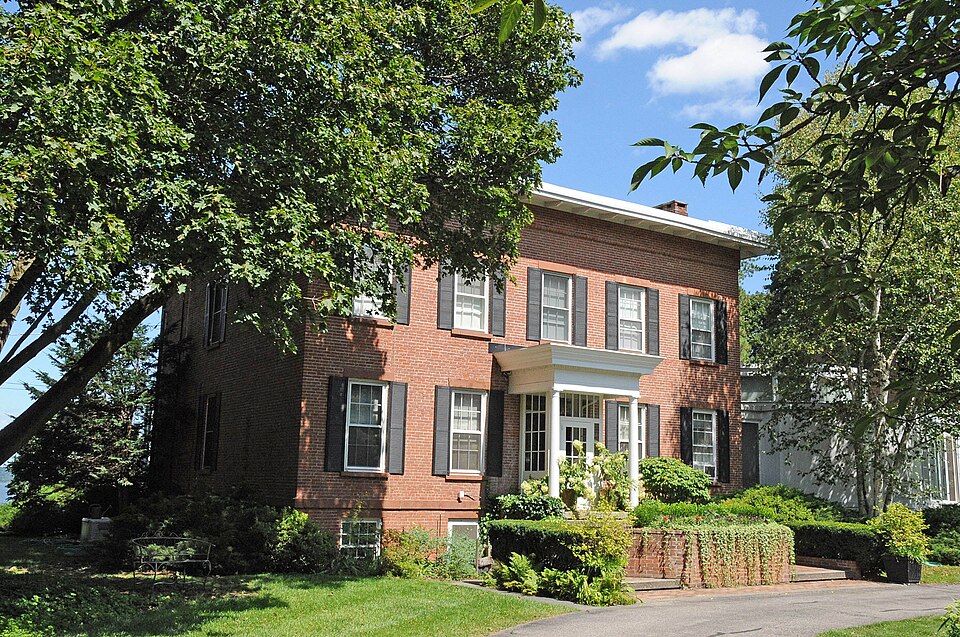 Photograph of Adams-Chadeayne-Taft Estate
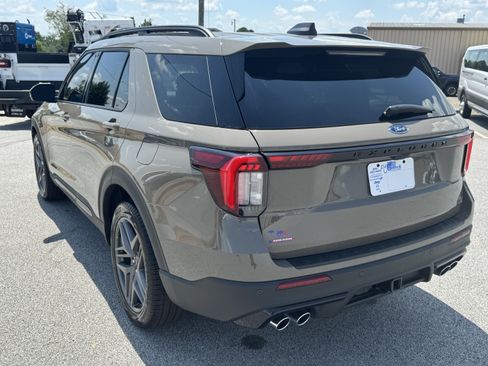 New 2026 Ford Explorer ST w/ Sun And Sound Package AWD/4WD image 7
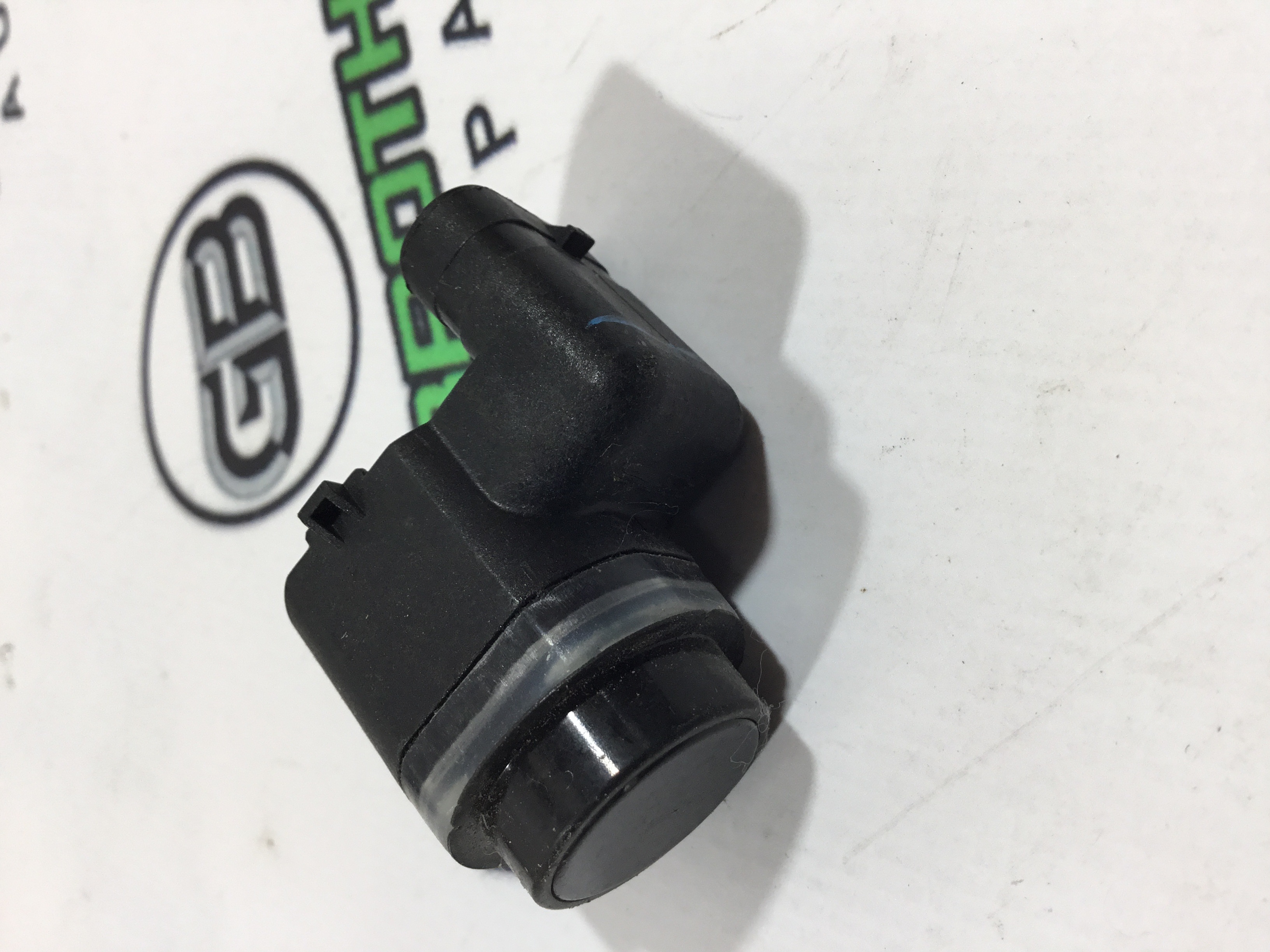 Парктронік, кріплення, корпус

────

**EXERCISE BRIEF**
The whole listing should be retyped word for word; none of its pictures belong in the copy.

**ANSWER TO THIS TASK**
 Photograph of Adams-Chadeayne-Taft Estate
 New 2026 Ford Explorer ST w/ Sun And Sound Package AWD/4WD image 7
 Парктронік, кріплення, корпус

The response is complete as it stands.